- _WORK REQUIRED_: An exact reproduction of the data below is expected, free of images.

- _EXERCISE DATA_:
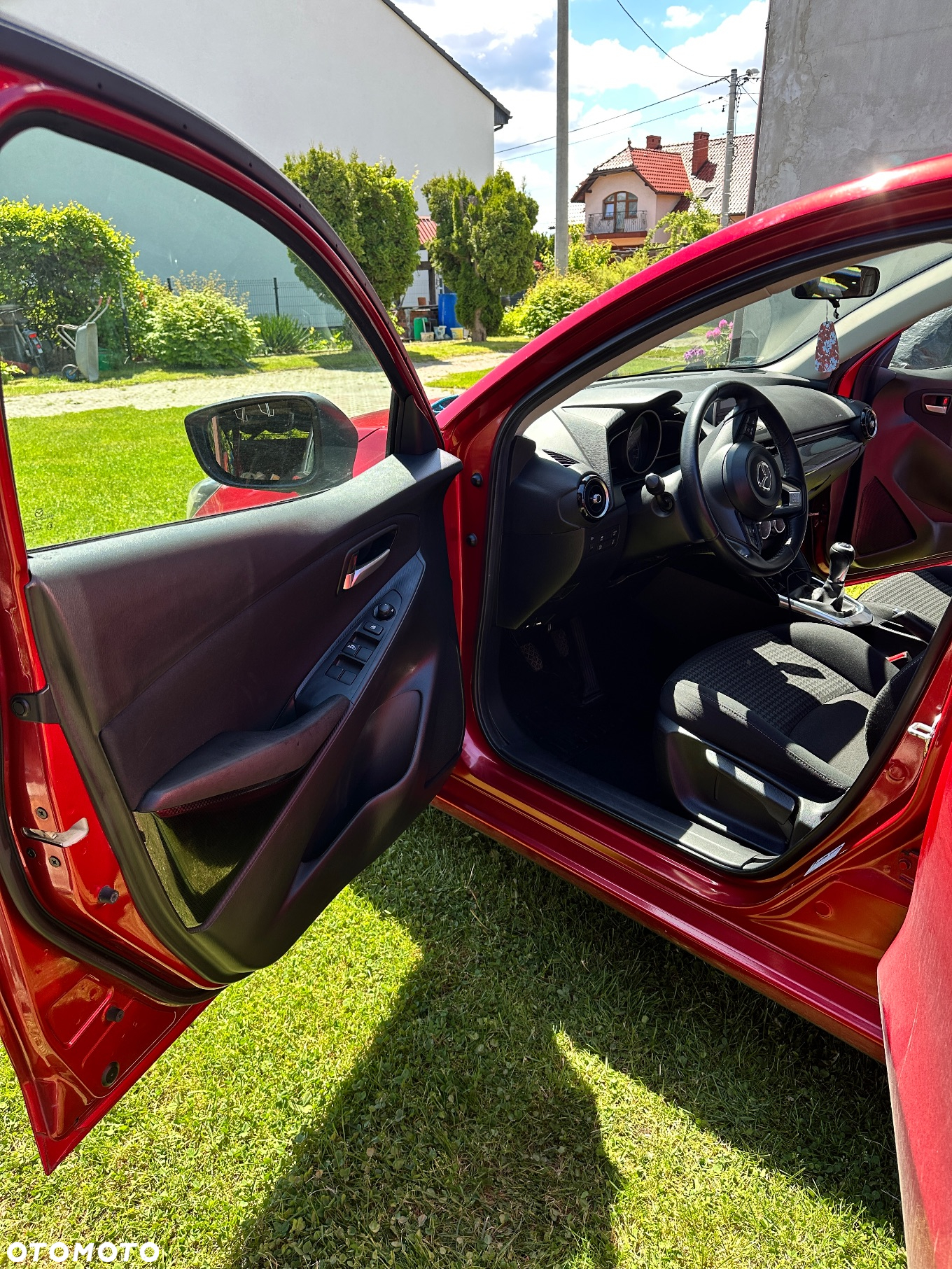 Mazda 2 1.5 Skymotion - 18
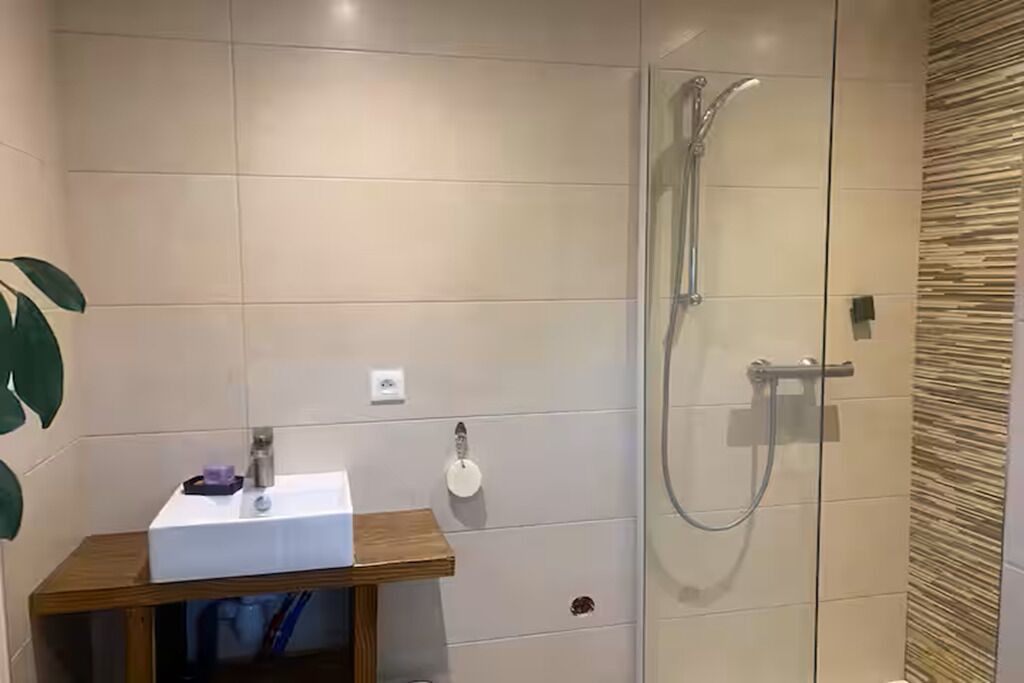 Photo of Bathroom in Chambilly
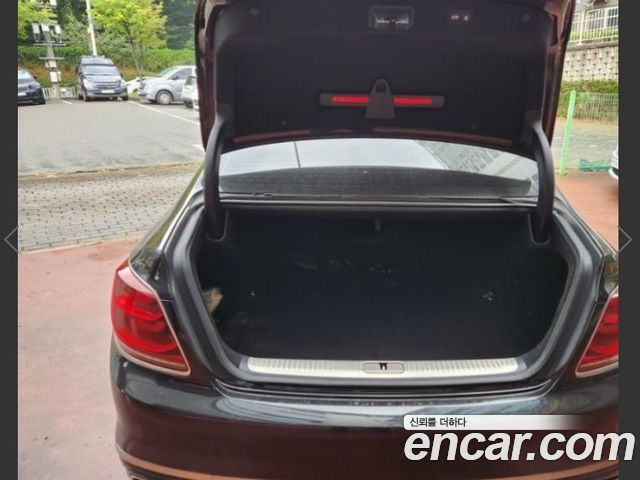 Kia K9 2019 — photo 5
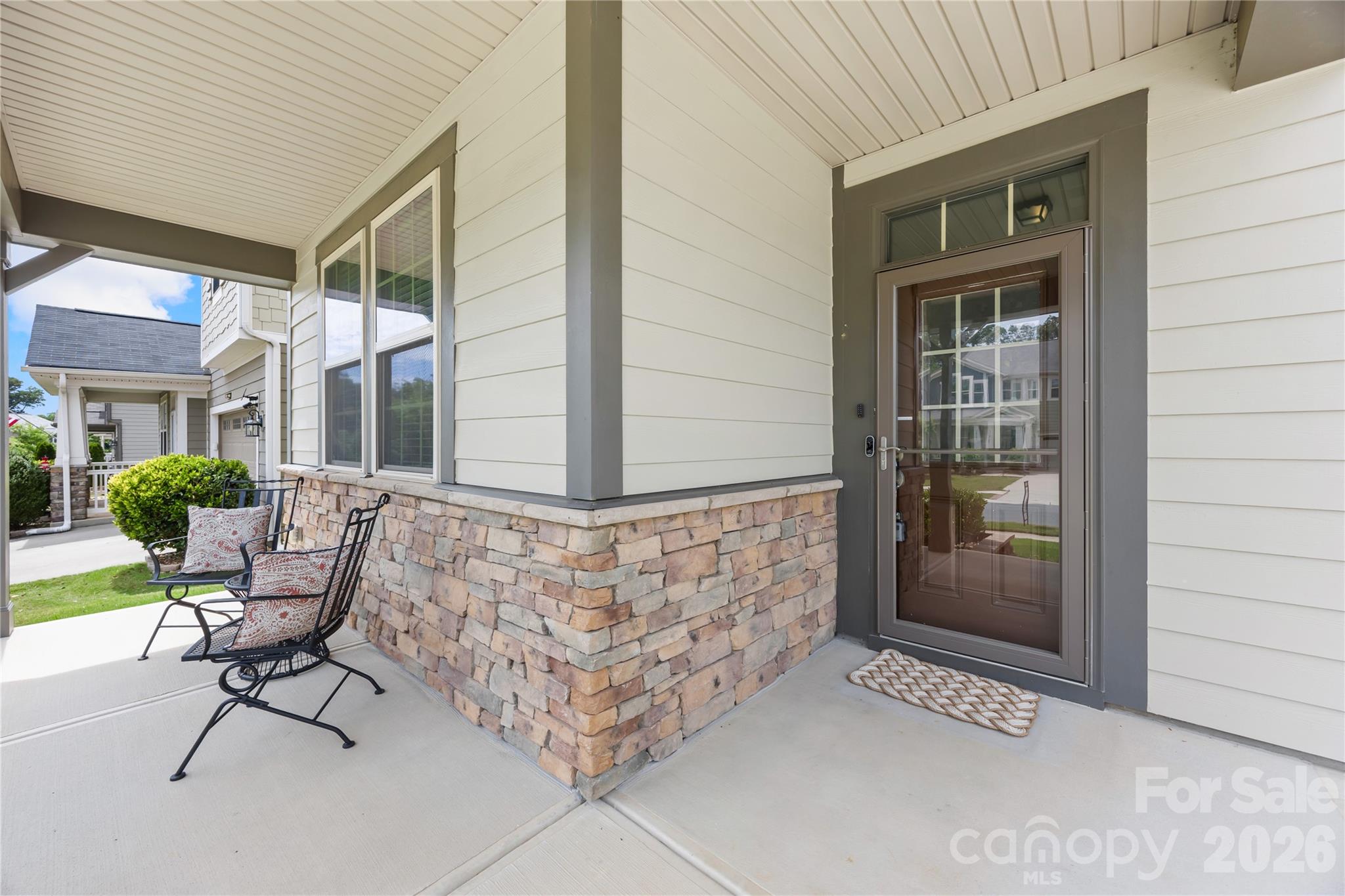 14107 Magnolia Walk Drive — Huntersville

- _RESPONSE FOR THIS EXERCISE_:
 Mazda 2 1.5 Skymotion - 18
 Photo of Bathroom in Chambilly
 Kia K9 2019 — photo 5
 14107 Magnolia Walk Drive — Huntersville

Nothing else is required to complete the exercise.